__Data below__.
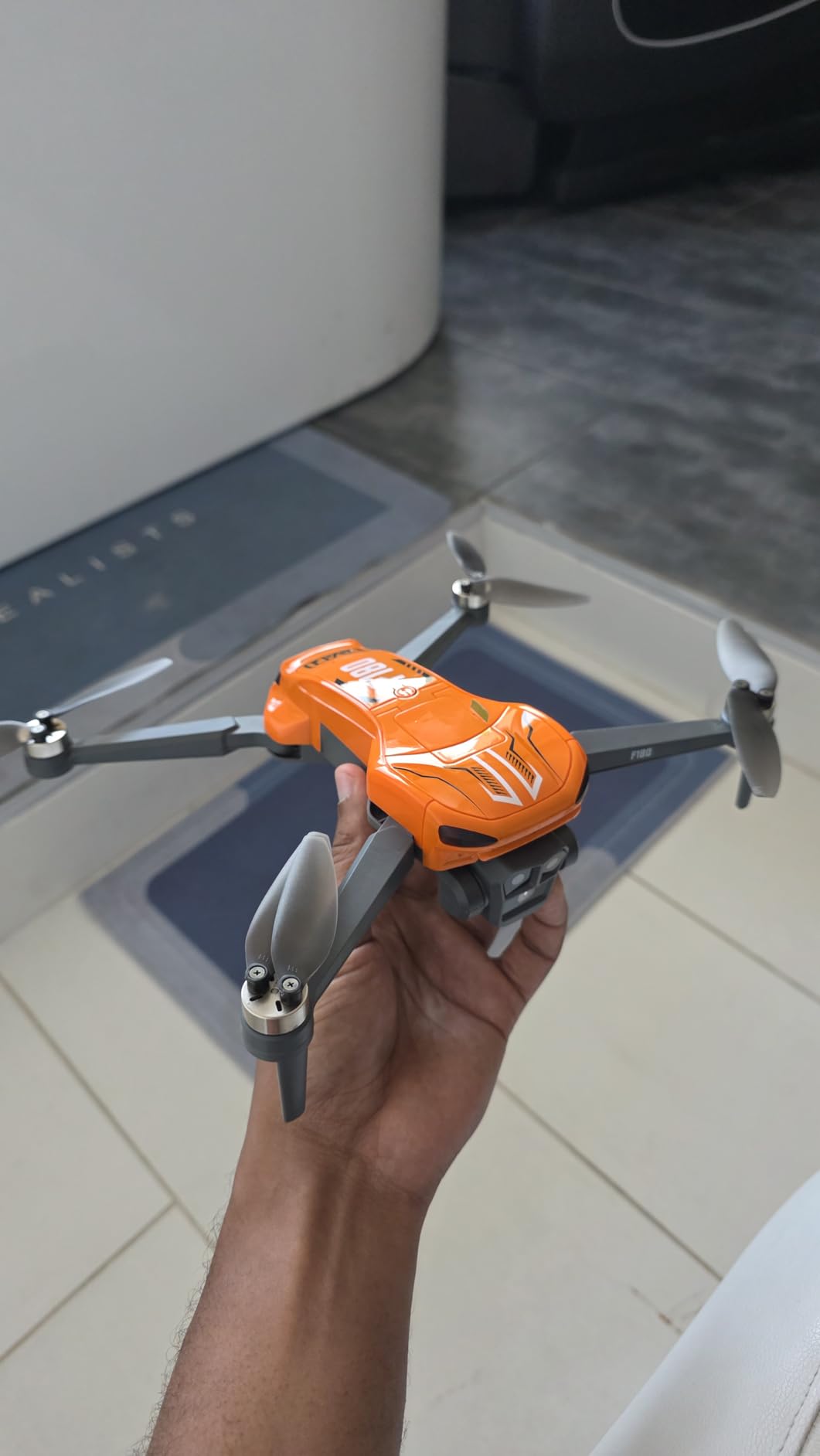 GPS Drone with 4K Camera for Adults, 4.5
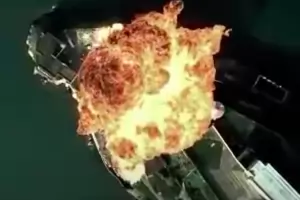 Китай показа нагледно как ще унищожи US-база в Гуам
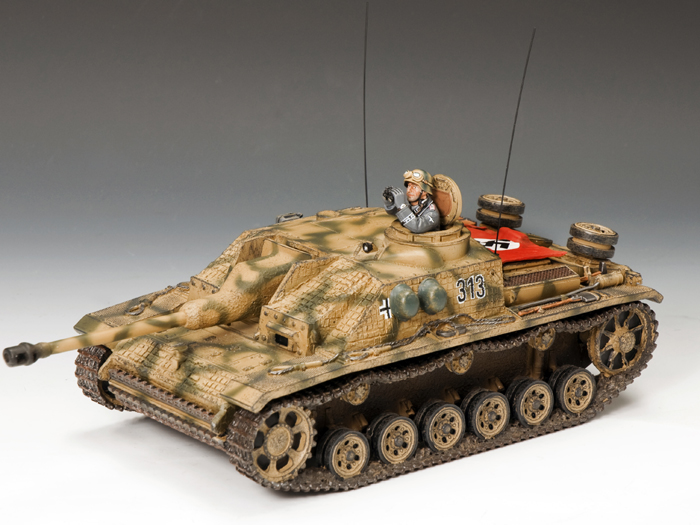  Product image 1 of the product “Stug III Auf G ”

__Assignment__.
Nothing but the lines from the one that contains "Китай показа нагледно" through the last line of the material should be written out, exactly. Omit pictures.

__Task output__.
 Китай показа нагледно как ще унищожи US-база в Гуам
  Product image 1 of the product “Stug III Auf G ”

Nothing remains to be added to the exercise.